Scraped caption text data:

<<<<

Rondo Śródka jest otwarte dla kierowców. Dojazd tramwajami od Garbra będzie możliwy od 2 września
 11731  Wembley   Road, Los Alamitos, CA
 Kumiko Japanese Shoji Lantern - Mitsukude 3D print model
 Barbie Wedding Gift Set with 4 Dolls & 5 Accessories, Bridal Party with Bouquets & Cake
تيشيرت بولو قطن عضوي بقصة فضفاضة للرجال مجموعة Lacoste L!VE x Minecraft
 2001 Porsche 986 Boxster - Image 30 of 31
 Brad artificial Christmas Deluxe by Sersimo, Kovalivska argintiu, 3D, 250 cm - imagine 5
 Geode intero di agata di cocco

>>>>

Aim of the task:
Write out all the entries once more, exactly.

Solution for this task:
Rondo Śródka jest otwarte dla kierowców. Dojazd tramwajami od Garbra będzie możliwy od 2 września
 11731  Wembley   Road, Los Alamitos, CA
 Kumiko Japanese Shoji Lantern - Mitsukude 3D print model
 Barbie Wedding Gift Set with 4 Dolls & 5 Accessories, Bridal Party with Bouquets & Cake
تيشيرت بولو قطن عضوي بقصة فضفاضة للرجال مجموعة Lacoste L!VE x Minecraft
 2001 Porsche 986 Boxster - Image 30 of 31
 Brad artificial Christmas Deluxe by Sersimo, Kovalivska argintiu, 3D, 250 cm - imagine 5
 Geode intero di agata di cocco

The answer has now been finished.